(SOURCE RECORDS):
Start of Block

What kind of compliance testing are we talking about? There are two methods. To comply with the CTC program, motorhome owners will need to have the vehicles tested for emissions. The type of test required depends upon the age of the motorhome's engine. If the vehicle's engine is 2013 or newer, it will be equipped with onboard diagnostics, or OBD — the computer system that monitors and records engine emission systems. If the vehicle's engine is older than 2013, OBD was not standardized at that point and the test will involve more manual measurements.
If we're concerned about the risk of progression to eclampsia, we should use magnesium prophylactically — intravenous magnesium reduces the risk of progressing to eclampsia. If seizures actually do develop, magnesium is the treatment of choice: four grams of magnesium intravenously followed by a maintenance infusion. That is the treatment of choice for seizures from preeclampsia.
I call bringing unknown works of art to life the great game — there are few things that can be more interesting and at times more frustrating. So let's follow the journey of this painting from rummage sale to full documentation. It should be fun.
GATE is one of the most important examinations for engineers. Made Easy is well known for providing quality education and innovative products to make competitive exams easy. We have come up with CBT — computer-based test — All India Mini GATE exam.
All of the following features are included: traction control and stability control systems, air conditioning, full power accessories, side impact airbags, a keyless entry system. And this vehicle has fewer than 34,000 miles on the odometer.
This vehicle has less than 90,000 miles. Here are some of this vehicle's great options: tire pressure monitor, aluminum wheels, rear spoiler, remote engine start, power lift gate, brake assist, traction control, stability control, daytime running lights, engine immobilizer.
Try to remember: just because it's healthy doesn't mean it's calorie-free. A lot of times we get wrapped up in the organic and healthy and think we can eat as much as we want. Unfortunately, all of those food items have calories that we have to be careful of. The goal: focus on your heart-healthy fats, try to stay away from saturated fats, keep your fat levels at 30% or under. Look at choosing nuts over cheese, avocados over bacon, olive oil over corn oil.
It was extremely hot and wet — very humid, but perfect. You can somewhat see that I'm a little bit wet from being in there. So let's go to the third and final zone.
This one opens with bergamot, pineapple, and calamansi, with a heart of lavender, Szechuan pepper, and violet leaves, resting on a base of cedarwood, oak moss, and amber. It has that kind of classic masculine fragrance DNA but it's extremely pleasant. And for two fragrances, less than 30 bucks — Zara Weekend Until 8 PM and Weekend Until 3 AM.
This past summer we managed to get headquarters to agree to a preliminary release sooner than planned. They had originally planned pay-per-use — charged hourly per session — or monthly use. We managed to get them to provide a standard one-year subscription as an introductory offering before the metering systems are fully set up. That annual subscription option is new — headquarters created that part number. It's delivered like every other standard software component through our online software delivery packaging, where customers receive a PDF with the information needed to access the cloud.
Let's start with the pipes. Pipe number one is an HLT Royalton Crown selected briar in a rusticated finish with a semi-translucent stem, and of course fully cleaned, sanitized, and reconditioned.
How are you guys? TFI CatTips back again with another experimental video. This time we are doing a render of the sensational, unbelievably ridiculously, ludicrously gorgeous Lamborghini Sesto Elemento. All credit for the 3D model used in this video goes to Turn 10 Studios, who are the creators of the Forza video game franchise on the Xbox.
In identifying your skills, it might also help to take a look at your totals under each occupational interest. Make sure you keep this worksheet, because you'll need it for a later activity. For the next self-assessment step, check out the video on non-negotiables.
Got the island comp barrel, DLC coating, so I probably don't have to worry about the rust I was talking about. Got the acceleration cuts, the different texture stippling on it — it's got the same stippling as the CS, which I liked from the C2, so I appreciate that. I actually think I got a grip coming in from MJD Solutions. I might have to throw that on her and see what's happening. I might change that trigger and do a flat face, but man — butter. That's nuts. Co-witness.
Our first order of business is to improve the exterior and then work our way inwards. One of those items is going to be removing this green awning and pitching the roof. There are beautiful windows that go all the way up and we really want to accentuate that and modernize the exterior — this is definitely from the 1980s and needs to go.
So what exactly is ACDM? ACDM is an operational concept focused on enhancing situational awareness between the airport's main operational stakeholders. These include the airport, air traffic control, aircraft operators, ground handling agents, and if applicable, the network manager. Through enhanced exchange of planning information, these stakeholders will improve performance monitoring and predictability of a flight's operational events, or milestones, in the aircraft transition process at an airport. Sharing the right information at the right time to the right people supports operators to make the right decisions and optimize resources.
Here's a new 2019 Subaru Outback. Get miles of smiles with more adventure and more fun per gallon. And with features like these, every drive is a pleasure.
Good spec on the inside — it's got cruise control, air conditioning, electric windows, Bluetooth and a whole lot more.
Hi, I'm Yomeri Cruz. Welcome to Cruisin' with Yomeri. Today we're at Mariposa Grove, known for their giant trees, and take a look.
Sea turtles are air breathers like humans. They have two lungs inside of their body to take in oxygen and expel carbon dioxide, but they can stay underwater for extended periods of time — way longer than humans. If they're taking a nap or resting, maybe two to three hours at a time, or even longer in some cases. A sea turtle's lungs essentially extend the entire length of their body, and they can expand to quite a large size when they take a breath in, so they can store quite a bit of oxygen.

End of Block

Reproduce the lines above. Leave each one as it is.

What kind of compliance testing are we talking about? There are two methods. To comply with the CTC program, motorhome owners will need to have the vehicles tested for emissions. The type of test required depends upon the age of the motorhome's engine. If the vehicle's engine is 2013 or newer, it will be equipped with onboard diagnostics, or OBD — the computer system that monitors and records engine emission systems. If the vehicle's engine is older than 2013, OBD was not standardized at that point and the test will involve more manual measurements.
If we're concerned about the risk of progression to eclampsia, we should use magnesium prophylactically — intravenous magnesium reduces the risk of progressing to eclampsia. If seizures actually do develop, magnesium is the treatment of choice: four grams of magnesium intravenously followed by a maintenance infusion. That is the treatment of choice for seizures from preeclampsia.
I call bringing unknown works of art to life the great game — there are few things that can be more interesting and at times more frustrating. So let's follow the journey of this painting from rummage sale to full documentation. It should be fun.
GATE is one of the most important examinations for engineers. Made Easy is well known for providing quality education and innovative products to make competitive exams easy. We have come up with CBT — computer-based test — All India Mini GATE exam.
All of the following features are included: traction control and stability control systems, air conditioning, full power accessories, side impact airbags, a keyless entry system. And this vehicle has fewer than 34,000 miles on the odometer.
This vehicle has less than 90,000 miles. Here are some of this vehicle's great options: tire pressure monitor, aluminum wheels, rear spoiler, remote engine start, power lift gate, brake assist, traction control, stability control, daytime running lights, engine immobilizer.
Try to remember: just because it's healthy doesn't mean it's calorie-free. A lot of times we get wrapped up in the organic and healthy and think we can eat as much as we want. Unfortunately, all of those food items have calories that we have to be careful of. The goal: focus on your heart-healthy fats, try to stay away from saturated fats, keep your fat levels at 30% or under. Look at choosing nuts over cheese, avocados over bacon, olive oil over corn oil.
It was extremely hot and wet — very humid, but perfect. You can somewhat see that I'm a little bit wet from being in there. So let's go to the third and final zone.
This one opens with bergamot, pineapple, and calamansi, with a heart of lavender, Szechuan pepper, and violet leaves, resting on a base of cedarwood, oak moss, and amber. It has that kind of classic masculine fragrance DNA but it's extremely pleasant. And for two fragrances, less than 30 bucks — Zara Weekend Until 8 PM and Weekend Until 3 AM.
This past summer we managed to get headquarters to agree to a preliminary release sooner than planned. They had originally planned pay-per-use — charged hourly per session — or monthly use. We managed to get them to provide a standard one-year subscription as an introductory offering before the metering systems are fully set up. That annual subscription option is new — headquarters created that part number. It's delivered like every other standard software component through our online software delivery packaging, where customers receive a PDF with the information needed to access the cloud.
Let's start with the pipes. Pipe number one is an HLT Royalton Crown selected briar in a rusticated finish with a semi-translucent stem, and of course fully cleaned, sanitized, and reconditioned.
How are you guys? TFI CatTips back again with another experimental video. This time we are doing a render of the sensational, unbelievably ridiculously, ludicrously gorgeous Lamborghini Sesto Elemento. All credit for the 3D model used in this video goes to Turn 10 Studios, who are the creators of the Forza video game franchise on the Xbox.
In identifying your skills, it might also help to take a look at your totals under each occupational interest. Make sure you keep this worksheet, because you'll need it for a later activity. For the next self-assessment step, check out the video on non-negotiables.
Got the island comp barrel, DLC coating, so I probably don't have to worry about the rust I was talking about. Got the acceleration cuts, the different texture stippling on it — it's got the same stippling as the CS, which I liked from the C2, so I appreciate that. I actually think I got a grip coming in from MJD Solutions. I might have to throw that on her and see what's happening. I might change that trigger and do a flat face, but man — butter. That's nuts. Co-witness.
Our first order of business is to improve the exterior and then work our way inwards. One of those items is going to be removing this green awning and pitching the roof. There are beautiful windows that go all the way up and we really want to accentuate that and modernize the exterior — this is definitely from the 1980s and needs to go.
So what exactly is ACDM? ACDM is an operational concept focused on enhancing situational awareness between the airport's main operational stakeholders. These include the airport, air traffic control, aircraft operators, ground handling agents, and if applicable, the network manager. Through enhanced exchange of planning information, these stakeholders will improve performance monitoring and predictability of a flight's operational events, or milestones, in the aircraft transition process at an airport. Sharing the right information at the right time to the right people supports operators to make the right decisions and optimize resources.
Here's a new 2019 Subaru Outback. Get miles of smiles with more adventure and more fun per gallon. And with features like these, every drive is a pleasure.
Good spec on the inside — it's got cruise control, air conditioning, electric windows, Bluetooth and a whole lot more.
Hi, I'm Yomeri Cruz. Welcome to Cruisin' with Yomeri. Today we're at Mariposa Grove, known for their giant trees, and take a look.
Sea turtles are air breathers like humans. They have two lungs inside of their body to take in oxygen and expel carbon dioxide, but they can stay underwater for extended periods of time — way longer than humans. If they're taking a nap or resting, maybe two to three hours at a time, or even longer in some cases. A sea turtle's lungs essentially extend the entire length of their body, and they can expand to quite a large size when they take a breath in, so they can store quite a bit of oxygen.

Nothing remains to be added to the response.